**INFORMATION SHOWN:**
══════

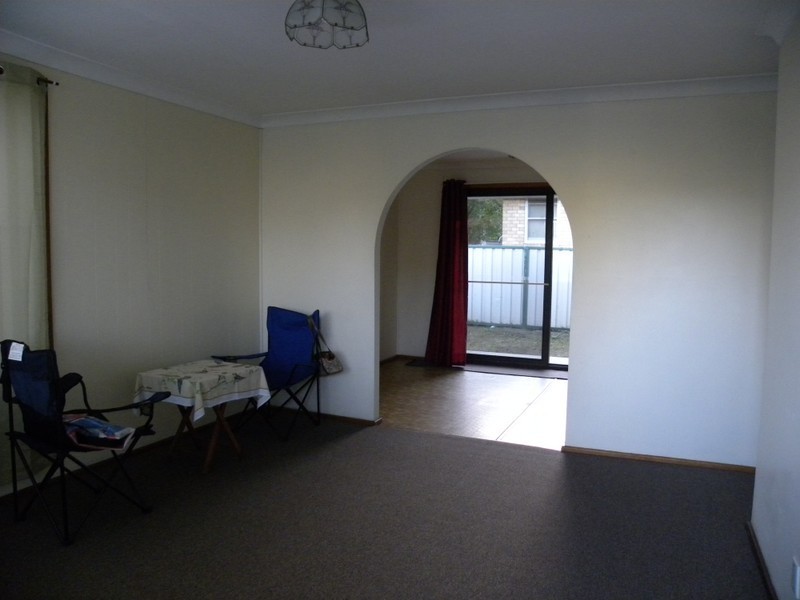 1/6 Joyce Avenue, Wyong NSW 2259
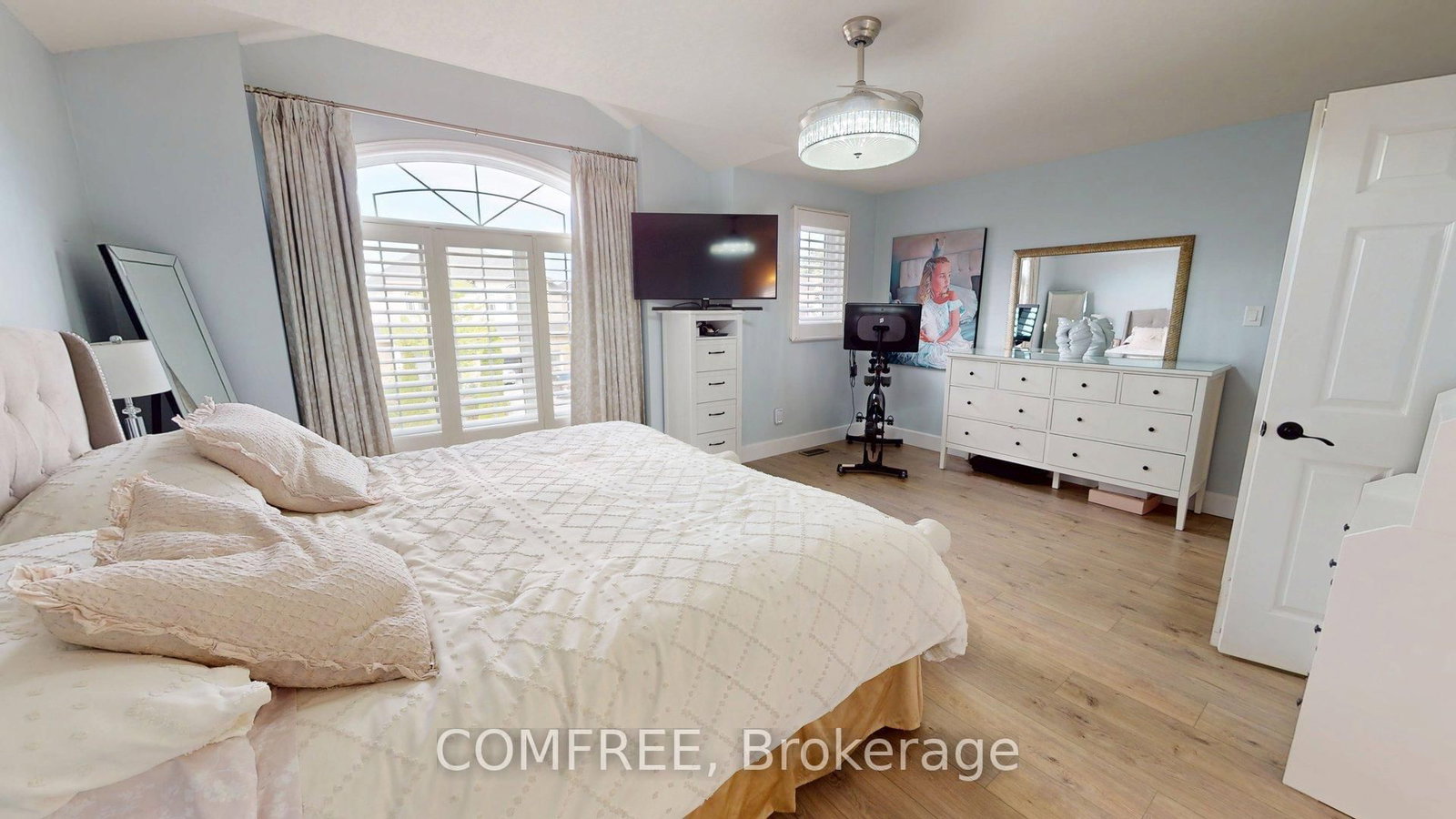 723 Munich Circle • Waterloo, ON photo 13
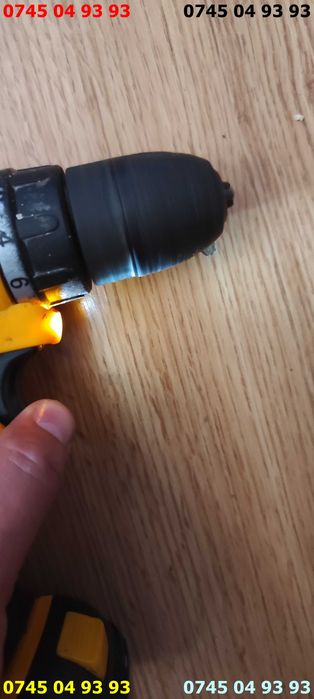 filetanta bormasina DEWALT DCD710 18V are acumulator functionala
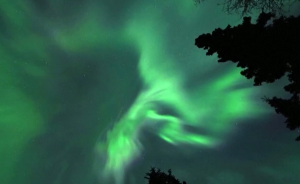 VIDEO| Graban imponente aurora boreal que apareció en los cielos de Alaska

══════

**TASK OBJECTIVE:** After removing the pictures, restate the whole listing above word for word.

**RESPONSE TO THIS TASK:**
 1/6 Joyce Avenue, Wyong NSW 2259
 723 Munich Circle • Waterloo, ON photo 13
 filetanta bormasina DEWALT DCD710 18V are acumulator functionala
 VIDEO| Graban imponente aurora boreal que apareció en los cielos de Alaska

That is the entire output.